她简单思索,给出了一个三人都想不到的答案。
“可能是县里的大巴车没等到客人,发车时间晚,鸣凤姐才会现在都还没回到镇上。”
听着她肯定的语气,陈茵的内心生出了一个不敢相信的猜测。
“该不会县城和我们镇上往返的大巴车,经常这样吧?”
“也不经常,但是有时候鸣凤姐回到家的时间会比平常晚,大多数时候都是大巴车晚点。因为她太晚就会来茵茵姐家休息,那种不早不晚,她就会回家。一回家,天基本上就要黑了。”
“那今天这是……”
“太晚了。”吴青鸾当即给出自己的判断。
“算了,我还是去车站看看。
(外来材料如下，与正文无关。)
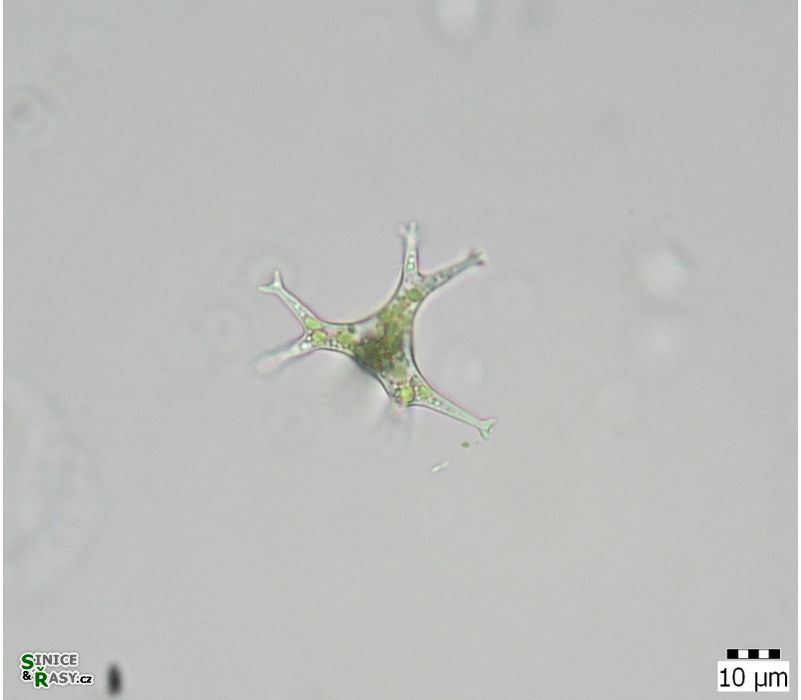 Pseudostaurastrum limneticum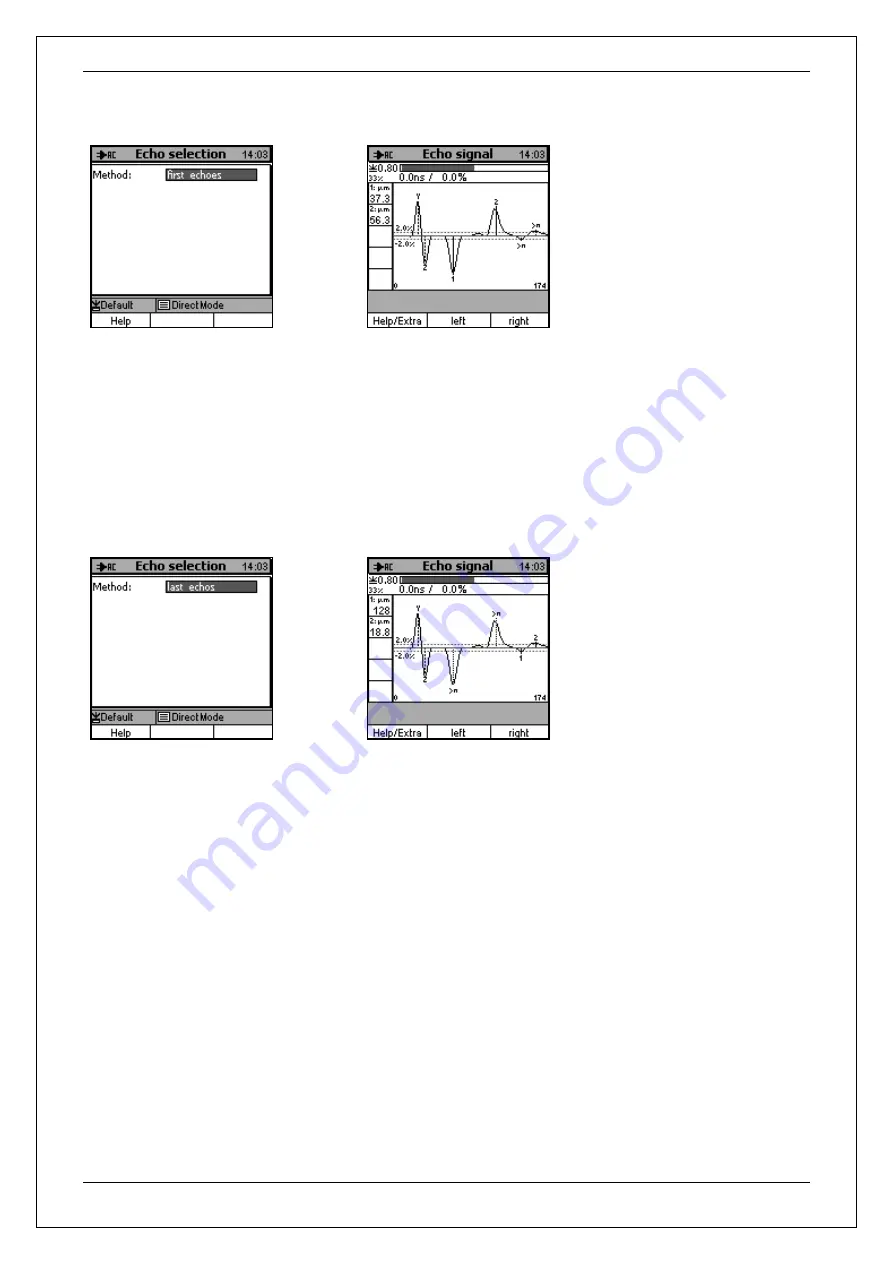 ElektroPhysik QuintSonic 7 Technical Manual And Operating Instructions Download Page 79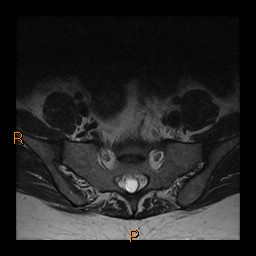 File:Normal spine MRI (Radiopaedia 77323-89408 Axial T2 29).jpg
”
虽然明白了其中缘由,但是陈茵依旧还是有些不放心,放下手中的书往外面走去。
其他三人一看,纷纷跟上。
可四人还没走出二十米,就看到了远处缓缓靠近的两道相似身影。
陈茵下意识地喊了一声,“妈,是你吗?”
下一秒,对面传
来熟悉的声音,“茵茵,你怎么带着大家伙儿一起来了?”
说话间,对面的两个身影加快步子。
不一会儿,两人的面容显露在几人眼前,正是吴冬梅和吴鸣凤。
“妈,鸣凤,今天怎么这么晚?”
“大巴晚了一点。”吴鸣凤当即给出答案,和刚刚吴青鸾说的一样。
“以后晚点,估计回家的时候天会黑,就来医馆休息一晚再回家,大舅和大舅妈也不会担心你。”
陈茵想到刚刚吴青鸾说的话,忍不住叮嘱。
闻言,吴鸣凤扬着灿烂的笑容点头,“茵茵姐,我知道的。”
一旁的吴冬梅听到这话,忍不住将指头往侄女头上戳,有些生气地说:
“你记得就好,别只是嘴上说说而已。”
“嘿嘿!”吴鸣凤傻笑不语。
吴冬梅无奈地摇摇头,拉着吴鸣凤走在最前面,往医馆走去。
此时,齐闻仲才第一次走进变化后的堂屋,他一眼就看到了屋子里摆放的电风扇和冰箱,忍不住露出惊讶的表情。
他手指着两个电器,“茵茵姐,就短短五天时间,医馆居然增加了这么多的电器。”
柳梦溪一听,嘴角控制不住地上扬。
但是她没有选择率先开口,而是等着陈茵帮自己解释。
果然,陈茵的声音很快在耳边响起,“这些电器都是梦溪自带的。”
“柳大夫!”齐闻仲惊讶地将目光转向另一侧。
感受到来自齐闻仲的视线,柳梦溪得意地昂起胸膛,挑了挑眉说:
“没错,都是我喊我爸送过来的。冰箱可以放下每日的剩菜,还可以制作冰凉的汤饮解暑。至于电风扇,那就更有用了。除了堂屋,诊室、我和茵茵、阿姨的屋子都有一座。”
说完,柳梦溪像是想起什么似的,夸张地捂住张大的嘴巴。
“抱歉,齐师弟,我让我爸送电风扇的时候,还不知道医馆还会有你这号人物,所以没准备。”
原本柳梦溪不说什么的话,齐闻仲真的觉得没什么。
可不知道为什么听了这话之后,他忽然觉得怪怪的,忍不住蹙眉。
吴冬梅没有听出柳梦溪奇怪的语气,善解人意地说:
“这有什么?堂屋不是正好有一座睡觉用不上的,梦溪你担心小齐晚上睡着热的话,把堂屋的借给他用就行。”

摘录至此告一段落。